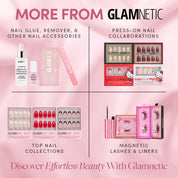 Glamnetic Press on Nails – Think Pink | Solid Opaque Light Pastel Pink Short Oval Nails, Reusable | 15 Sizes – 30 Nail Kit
==
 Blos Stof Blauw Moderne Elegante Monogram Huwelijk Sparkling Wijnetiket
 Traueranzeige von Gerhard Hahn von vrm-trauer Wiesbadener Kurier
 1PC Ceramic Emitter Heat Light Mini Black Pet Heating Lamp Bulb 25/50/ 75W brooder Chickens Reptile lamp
---
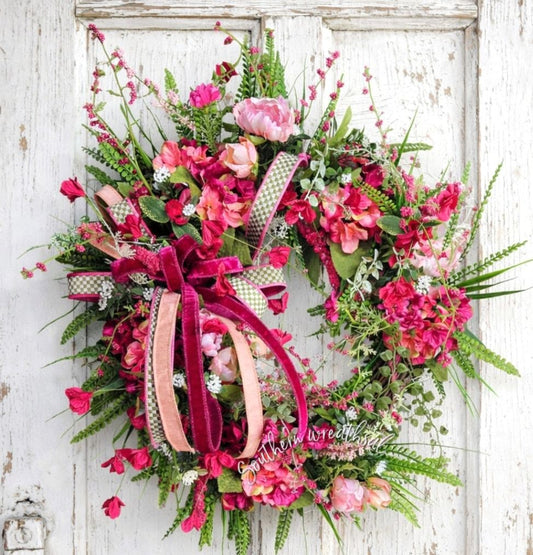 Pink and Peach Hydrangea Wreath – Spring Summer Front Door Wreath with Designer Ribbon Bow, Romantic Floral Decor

**WHAT IS NEEDED**. Given the data above, transcribe exactly the lines from the one containing "Traueranzeige von Gerhard" down to the one containing "1PC Ceramic Emitter", and no others.

**EXERCISE SOLUTION**.
 Traueranzeige von Gerhard Hahn von vrm-trauer Wiesbadener Kurier
 1PC Ceramic Emitter Heat Light Mini Black Pet Heating Lamp Bulb 25/50/ 75W brooder Chickens Reptile lamp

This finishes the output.